CLEVELAND — If you’ve been washing your hands a million times a day recently - and face it, who hasn’t? - you may have wondered why soap is so good at getting the job done, when it come to fighting off the COVID-19 coronavirus,.
Scientists, doctors, politicians, and the media have all been saying over the last few months that it’s incredibly important to wash with soap and water for at least 20 seconds, but many people only know that it cleans their hands, and not why.
The science behind soap is pretty straight forward, so let's break it down.
Soap is made of up molecules that have two sides. One side is drawn to water (called "hydrophilic" and one side absolutely hates water (called "hydrophobic").
When mixing soap and water, the molecules get to work by attacking different sections of whatever is being cleaned; the hydrophobic side runs away from the water and attacks oils and other non-H2O compounds such as fats, while the hydrophilic side clings to the water and helps to rinse away the oils and other unfavorable items. This is why soap and water combined do such a good job at cleaning your dishes.
In terms of washing your hands and protecting you from the coronavirus, the interactions are almost exactly the same.
COVID-19 has an outside layer that is made up of what is known as a "membrane of oily lipid molecules," which essentially protect the virus’s insides from being destroyed by water. This is where soap comes in.
The hydrophobic (water hating) side of the soap molecules attach to the outsides of the coronavirus and pull it apart. This exposes the water-soluble (meaning, able to be destroyed by water) insides of COVID-19 to water during a simple hand washing experience. If you're having a hard time picturing this (we get it, science is tough), think of it like a game of "he loves me, he loves me not," where you pull of flower petals until they're all gone, hoping you end on that "he loves me." Except here, the molecules are pulling off pieces of the outer layer of COVID-19 to expose the inside of the virus, which can be destroyed by water.
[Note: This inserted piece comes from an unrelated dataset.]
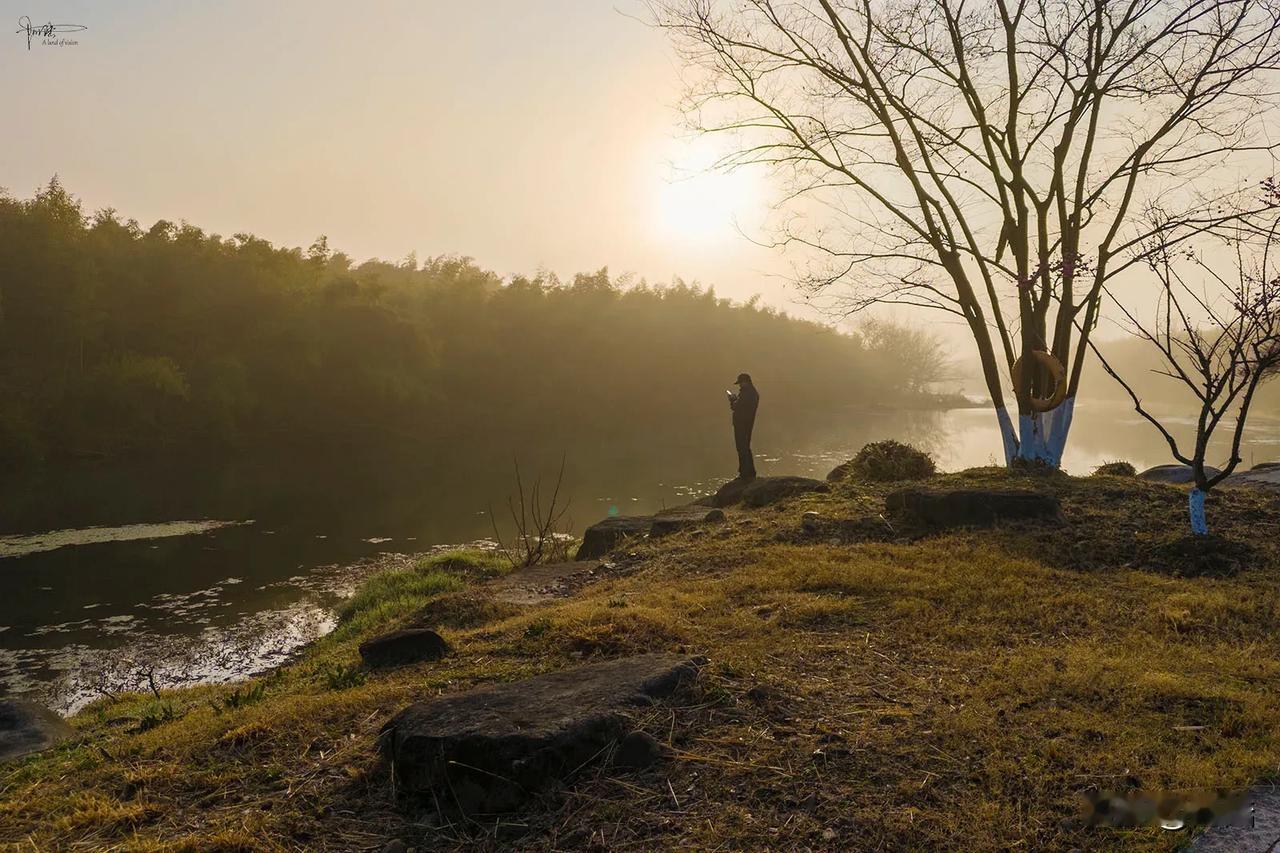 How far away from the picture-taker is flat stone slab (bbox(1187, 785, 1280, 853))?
9.41ft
Eventually after enough time, the soap molecules attach and surround the inner workings of the virus (known as the micelle), and then water is able to wash what is left of the virus away.
Now to the final question: why does this take at least 20 seconds to work?
Simply put, your hand has a lot of cracks and crevices. Viruses thrive on being able to inhabit tiny spaces, which your hands have a lot of.
Washing for 20 seconds gives the soap and water molecules enough time to get into all of the places that you didn’t even know your hand had.
Hand sanitizer also works to kill the virus, thanks to alcohol and a process called denaturing, which kills germs and bacteria.
The key when using hand sanitizer is to make sure it contains at least 60% alcohol.